ENTRIES PROVIDED:
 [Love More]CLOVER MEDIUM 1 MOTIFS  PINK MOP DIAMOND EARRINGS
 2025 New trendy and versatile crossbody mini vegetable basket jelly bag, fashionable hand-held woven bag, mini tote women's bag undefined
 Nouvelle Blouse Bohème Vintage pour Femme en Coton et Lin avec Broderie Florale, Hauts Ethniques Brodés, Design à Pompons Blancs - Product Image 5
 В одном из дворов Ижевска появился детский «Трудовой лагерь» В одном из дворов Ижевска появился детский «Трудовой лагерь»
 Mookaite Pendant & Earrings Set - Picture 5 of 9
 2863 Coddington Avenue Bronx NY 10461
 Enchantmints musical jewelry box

ACTION ITEM: Whatever lies between the line containing "2025 New trendy" and the final line above, both included, must be returned exactly.

WRITTEN REPLY:
 2025 New trendy and versatile crossbody mini vegetable basket jelly bag, fashionable hand-held woven bag, mini tote women's bag undefined
 Nouvelle Blouse Bohème Vintage pour Femme en Coton et Lin avec Broderie Florale, Hauts Ethniques Brodés, Design à Pompons Blancs - Product Image 5
 В одном из дворов Ижевска появился детский «Трудовой лагерь» В одном из дворов Ижевска появился детский «Трудовой лагерь»
 Mookaite Pendant & Earrings Set - Picture 5 of 9
 2863 Coddington Avenue Bronx NY 10461
 Enchantmints musical jewelry box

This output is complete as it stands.